# [WORK TO BE COMPLETED]
From the line that contains "Lampu Laser Animasi" to the end of the entries, copy each line exactly, though the pictures stay out.

# [EXERCISE MATERIAL]
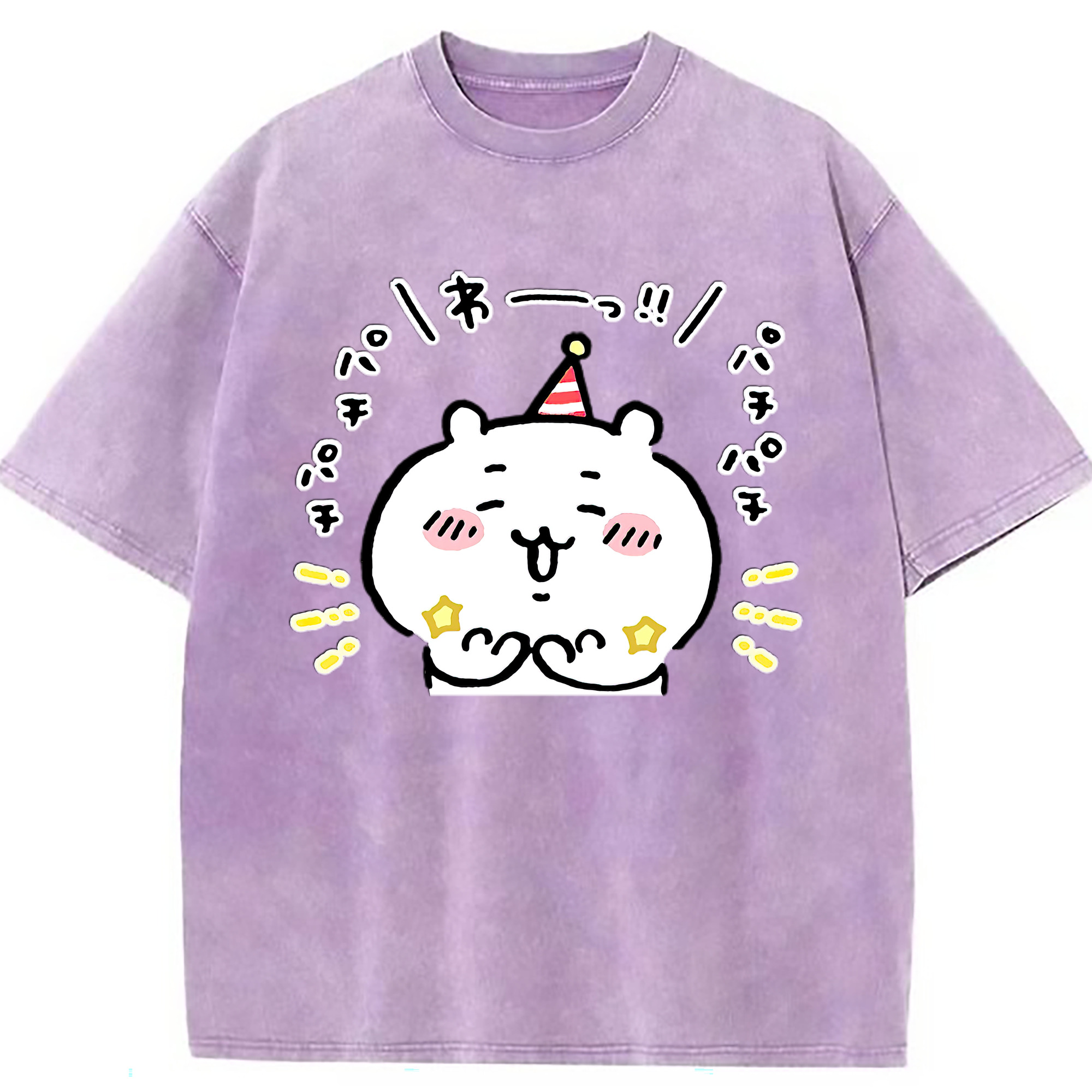 （画像用） ちいかわ ちいかわ Chii-kawa chiikawa 綿100% ヴィンテージ風 半袖Tシャツ（フロントプリント）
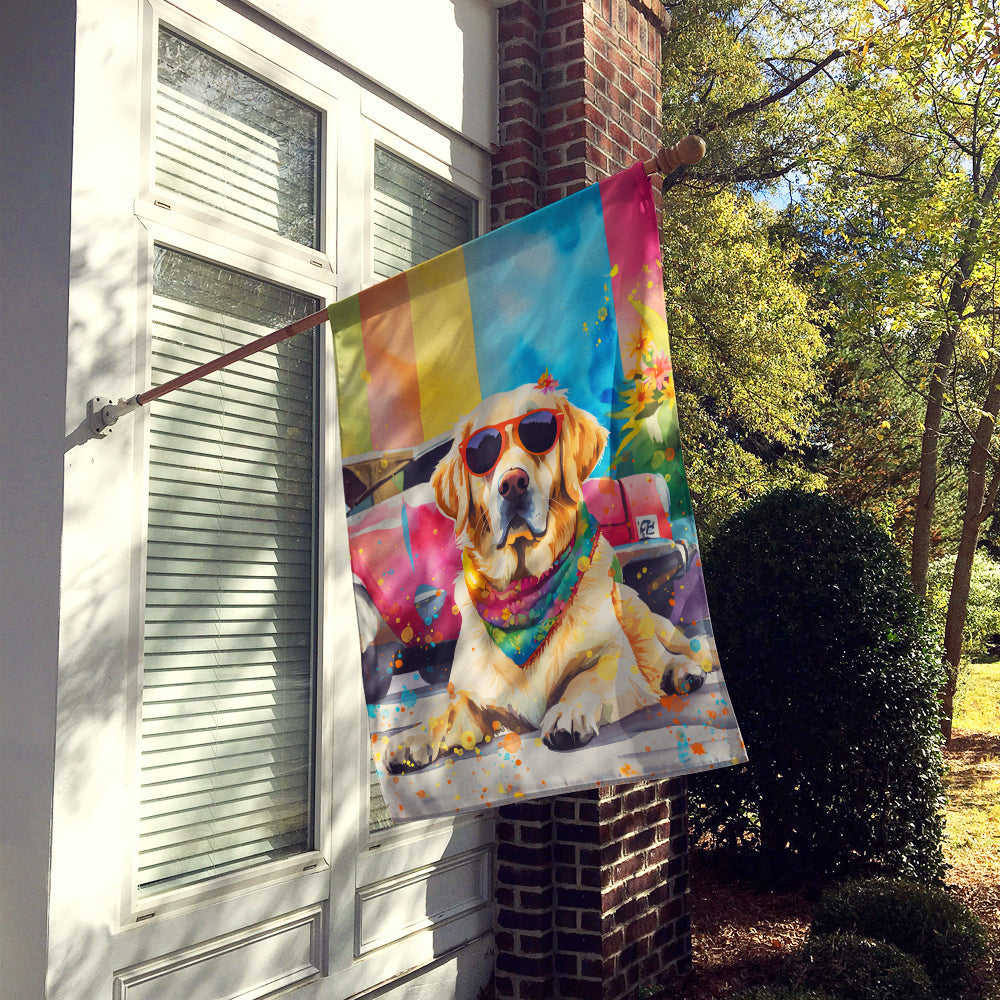 Yellow Labrador Hippie Dawg House Flag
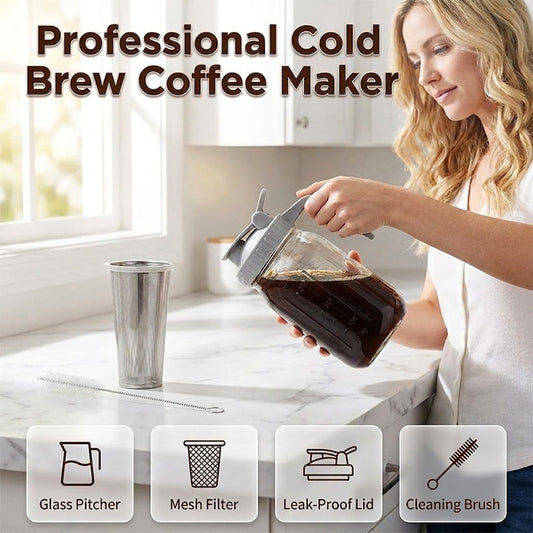 ☕ -50%! 🥤 Cold Brew Karaf met Deksel en Roestvrijstalen Filter – Glas + PP – 32/64 oz & 7 Kleuren voor Kwaliteitskoffie Thuis ✨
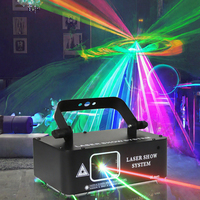 Lampu Laser Animasi Garis Warna-warni RGB Biru Besi Mini 15W, DMX512, Kontrol Jarak Jauh via Aplikasi, untuk Klub Malam, Disko, Pesta DJ, Hotel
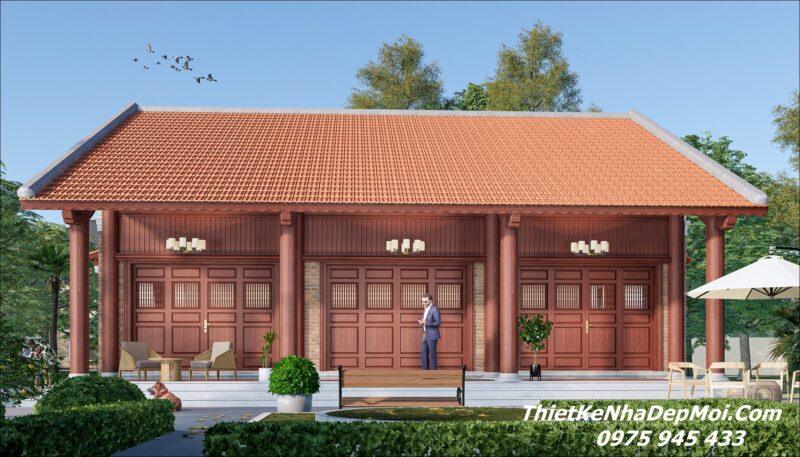 Mẫu nhà gỗ 3 gian mái ngói 1 tầng 180m2 ở quê chị Kiều Mẫu nhà truyền thống 3 gian đẹp bằng gỗ tự nhiên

# [SOLUTION FOR THIS TASK]
 Lampu Laser Animasi Garis Warna-warni RGB Biru Besi Mini 15W, DMX512, Kontrol Jarak Jauh via Aplikasi, untuk Klub Malam, Disko, Pesta DJ, Hotel
 Mẫu nhà gỗ 3 gian mái ngói 1 tầng 180m2 ở quê chị Kiều Mẫu nhà truyền thống 3 gian đẹp bằng gỗ tự nhiên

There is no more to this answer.